_Instructions to follow_: All of the data below must be repeated exactly.

Short text fragments from websites
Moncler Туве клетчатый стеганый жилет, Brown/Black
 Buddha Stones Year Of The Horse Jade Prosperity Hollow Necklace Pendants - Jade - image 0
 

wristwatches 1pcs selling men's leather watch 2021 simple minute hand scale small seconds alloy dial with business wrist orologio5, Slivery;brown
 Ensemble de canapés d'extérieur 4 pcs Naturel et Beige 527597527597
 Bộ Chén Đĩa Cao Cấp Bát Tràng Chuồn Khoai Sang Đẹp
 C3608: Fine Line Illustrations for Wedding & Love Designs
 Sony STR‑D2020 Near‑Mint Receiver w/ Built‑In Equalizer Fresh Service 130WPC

_Solution_:
Moncler Туве клетчатый стеганый жилет, Brown/Black
 Buddha Stones Year Of The Horse Jade Prosperity Hollow Necklace Pendants - Jade - image 0
 

wristwatches 1pcs selling men's leather watch 2021 simple minute hand scale small seconds alloy dial with business wrist orologio5, Slivery;brown
 Ensemble de canapés d'extérieur 4 pcs Naturel et Beige 527597527597
 Bộ Chén Đĩa Cao Cấp Bát Tràng Chuồn Khoai Sang Đẹp
 C3608: Fine Line Illustrations for Wedding & Love Designs
 Sony STR‑D2020 Near‑Mint Receiver w/ Built‑In Equalizer Fresh Service 130WPC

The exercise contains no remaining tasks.